Chapter 8: The Plush Inspector of the Brocade Dye House
Liu Xiyu brings the rabbit along to audit the accounts.
Yun Cangyue uncovers the dye house’s embezzlement with her pawprints.
Uncle Chen’s silk-bound scheme is exposed by morning light and madder.
Liu Xiyu steps into the dye house, a bamboo-woven cage in hand.
The rising sun filters through drying racks, casting tiger-stripe patterns across the bluestone floor.

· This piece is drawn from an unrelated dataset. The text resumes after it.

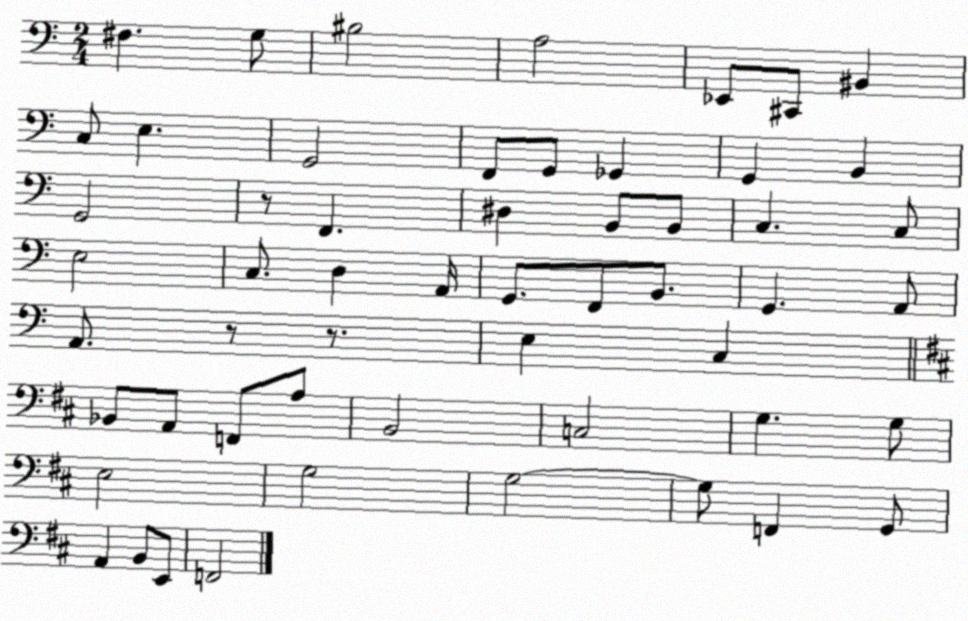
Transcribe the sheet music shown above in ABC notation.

Yun Cangyue turns over inside the cage, a claw tip snagging on a ventilation hole—
how is this a rabbit cage for a spring outing?
The clasp is carved with ledger patterns; the lining stitched with compartments for fabric samples—
this is clearly a custom-made “inspection aid” from Liu’s father.
“Father says today we’re learning how to tell silk grades apart.”
She mutters, poking at the seam of the cage.
“I’m not about to yawn over account books.
You have to find me something fun!”
Her gaze locks onto the half-exposed candied-fruit wrapper at the girl’s collar, and suddenly she understands why she’s been stuffed into this cage—
Liu Xiyu’s “learning tricks” have always been absurd:
from hanging brushes on rabbit fur to using tails as paperweights.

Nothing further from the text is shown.